Today, the Scottish Chamber Orchestra and I come to the end of a three-week concert tour around Europe.

Making the final stop of our odyssey in Perth tonight, we have blazed our trail through the great concert halls of the continent, leaving them ringing to the sound of our umpteen Pastoral Symphonies.

If you've been following the SCO's blog or Twitter account, you'll be familiar with some of the less musical details of this orchestral tour. The travails of superstar pianist Maria Joao Pires and my hot-water bottle might have kept you riveted, or perhaps the story of the missing concert trousers. You'll know there was sunshine in Toulouse, chocolate in Brussels, goose in Vienna, swans and Swiss mountains, bars, buses, airports and then some more airports.

And at this point, you might quite justifiably ask me what on earth all this gallivanting about Europe is for. Because, apart from the international gastronomy, for what ultimate good do we put up with the fatigue of constant travel and performance? Why endure the unfamiliar beds, the pillows (oh, you'd be surprised how much talk there is of the pillows) and of course all that time away from home and family? And indeed, what good is all of this to the concert-going public of Scotland if, instead of playing to our home crowd, we are off being wowed by stunning concert halls like Lucerne?

Well, although they might be good questions, we've got good answers.

One of the benefits of touring is that it forces us to adapt. Arriving in a new city and stepping on to the stage of an unfamiliar venue, we might have, at most, an hour of rehearsal before the doors open to the public. In that time we've got to scope it out, collectively, to discover in which ways the acoustic is our friend or our foe. We've got to adjust and refine what we intend to deliver to the audience that night, almost on the spot. Our ears and our performance are sharpened by this practice.

This challenge applies whether we are touring to the Vienna Konzerthaus or the community halls of the Western Isles, as we do in the summer. Both the Austrians in evening dress and the islanders in walking boots and waterproofs get a better orchestra as a result. If, as a musician, you can handle the contrasts between all those different halls, and varied situations, you know you're evolving.

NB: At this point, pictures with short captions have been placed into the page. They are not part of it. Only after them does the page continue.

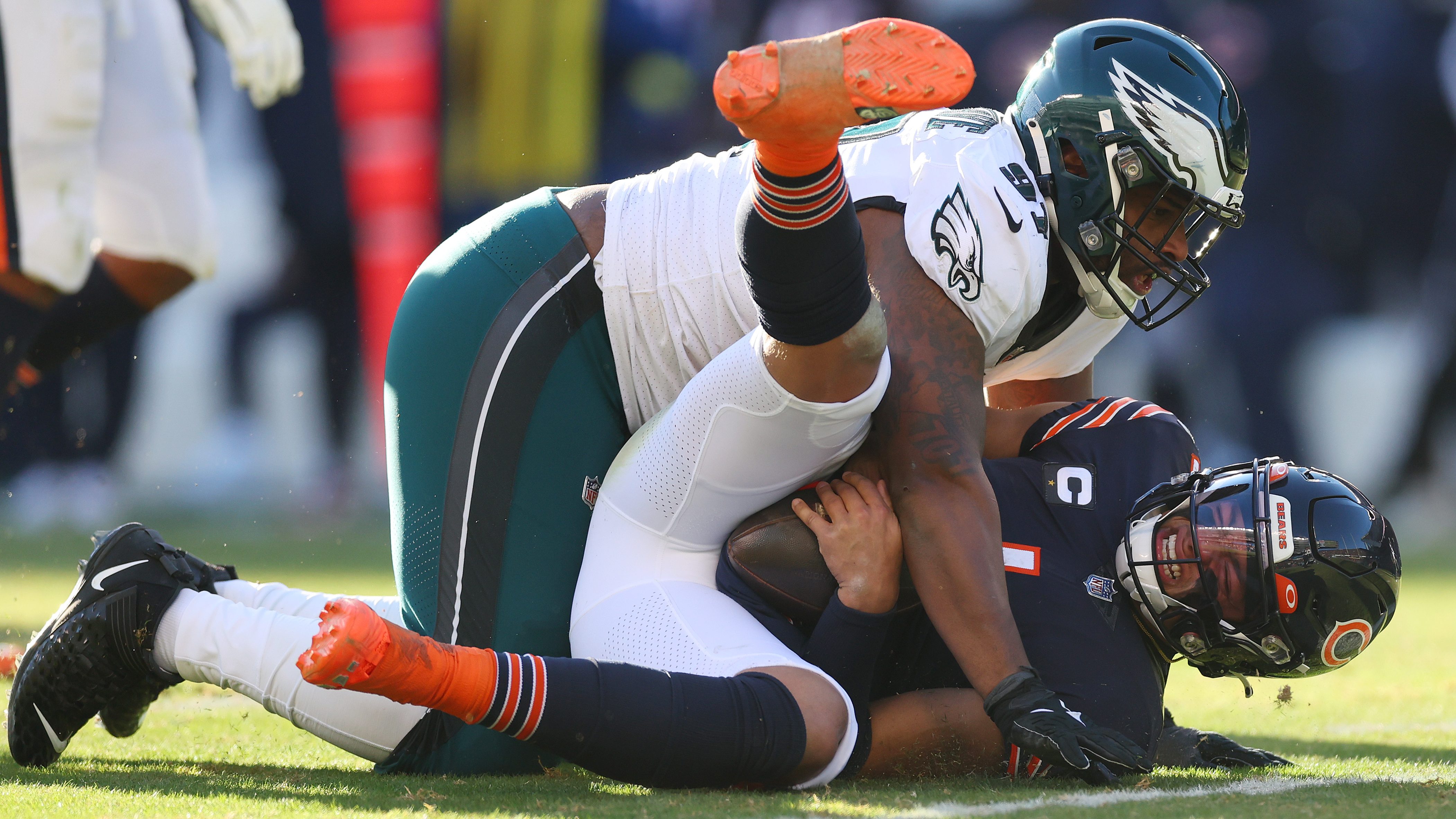 Justin Fields is shredding the Broncos' defense - NBC Sports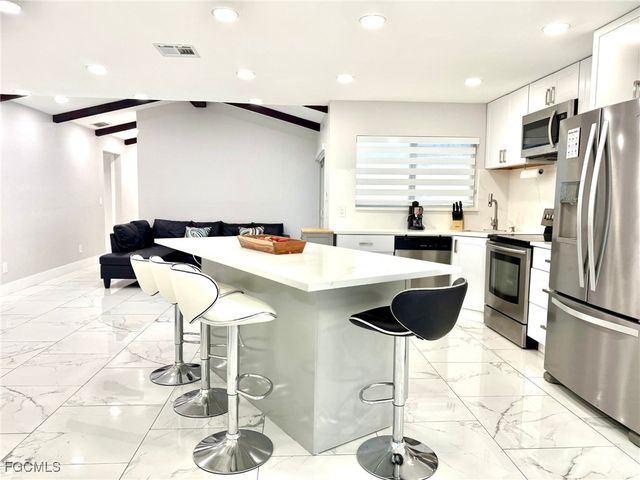 1813 Hancock Bridge PKWY, Cape Coral, FL 33990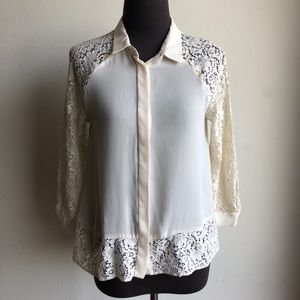 Zara sz S lace sleeve button career blouse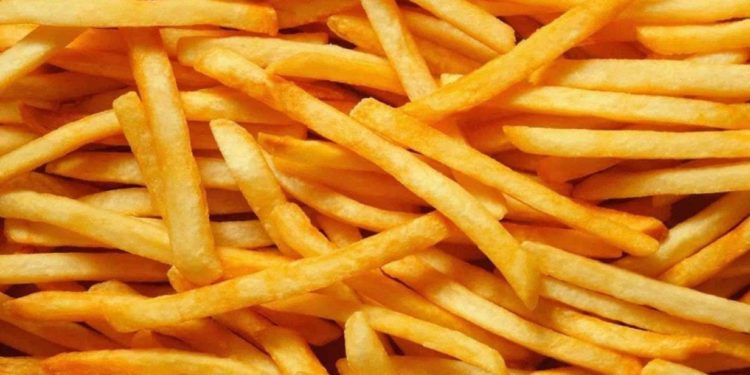 Mangia solo patatine fritte e diventa cieco a 17 anni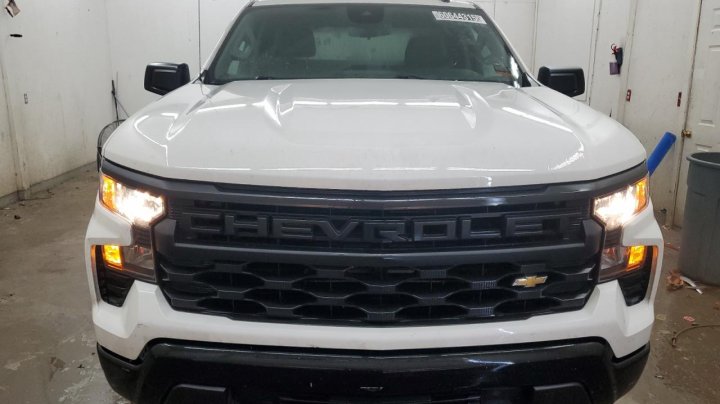 Chevrolet Silverado C1500 2023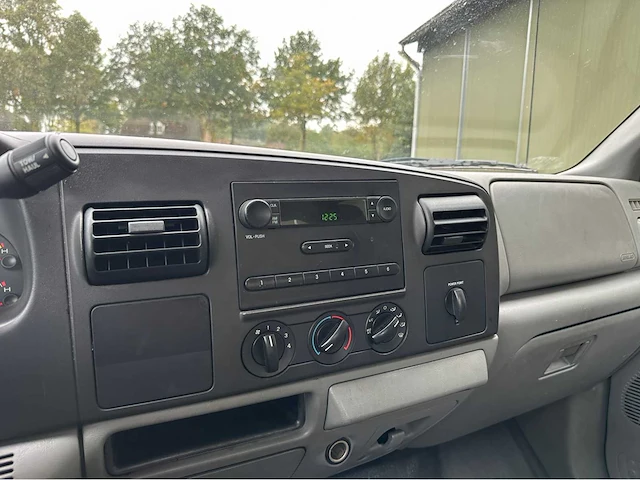 2006 ford f250 xl super duty powerstroke turbodiesel v8 personenauto - afbeelding 7 van  40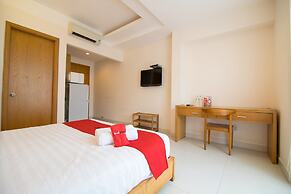 RedDoorz Plus near SECC D7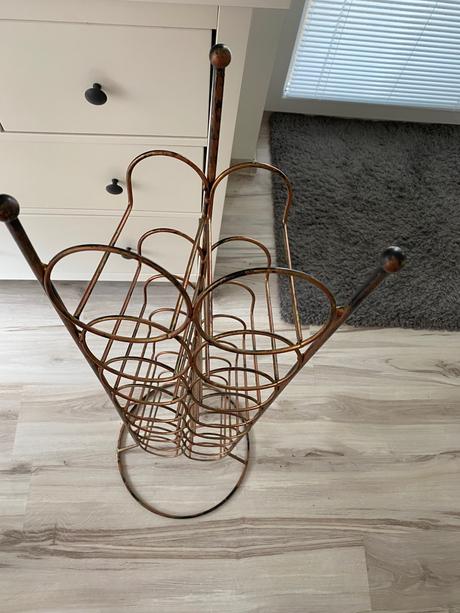 Krásny medený stojan na vínové fľaše, 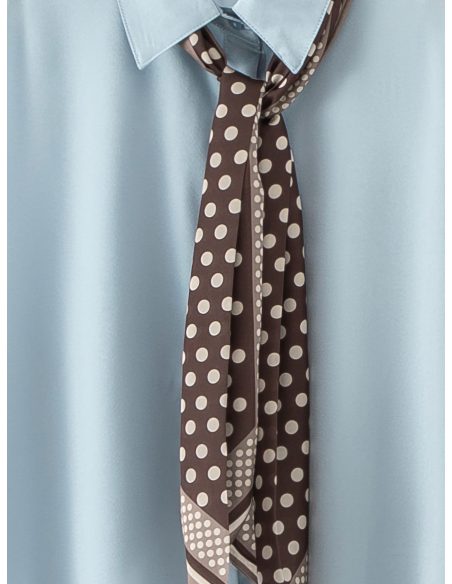 Camisa efecto seda con pañuelo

It's important for our international profile, of course, that we are seen in the glitzy foreign halls. Our Beethoven and Mozart needs to be heard in Vienna, so that our colleagues abroad see what we're doing with Robin Ticciati at the helm. And if there's time to hear or meet with the international competition while we are there – to see their level, or even just experience their working environment a little, in order to remind ourselves of the wider context in which we work – so much the better.

Then there's this business of performing the same programme many times; "the beauty of earnest repetition", as violin teacher and guru Dr Suzuki put it. True, some of us might feel a bit faint at the prospect of playing 13 Beethoven Pastoral storm movements in a row. But the imperative of making sure our performance does not stagnate – that actually it doesn't repeat itself at all, but instead endlessly reinvents itself, as all artistic endeavour must – might be the greatest benefit of a tour programme like this one.

As the tour schedule rolls on and you chalk off each concert, you note how small flaws and imperfections have been ironed out by the heat of performance, while you've found new shapes or new flow elsewhere.

It's not a science of course, and there's no point in pretending it's one steady march towards perfection. It's more the feeling that you are always searching. And that in searching you sometimes discover marvellous new things. (And no, I am not talking about the shopping again.)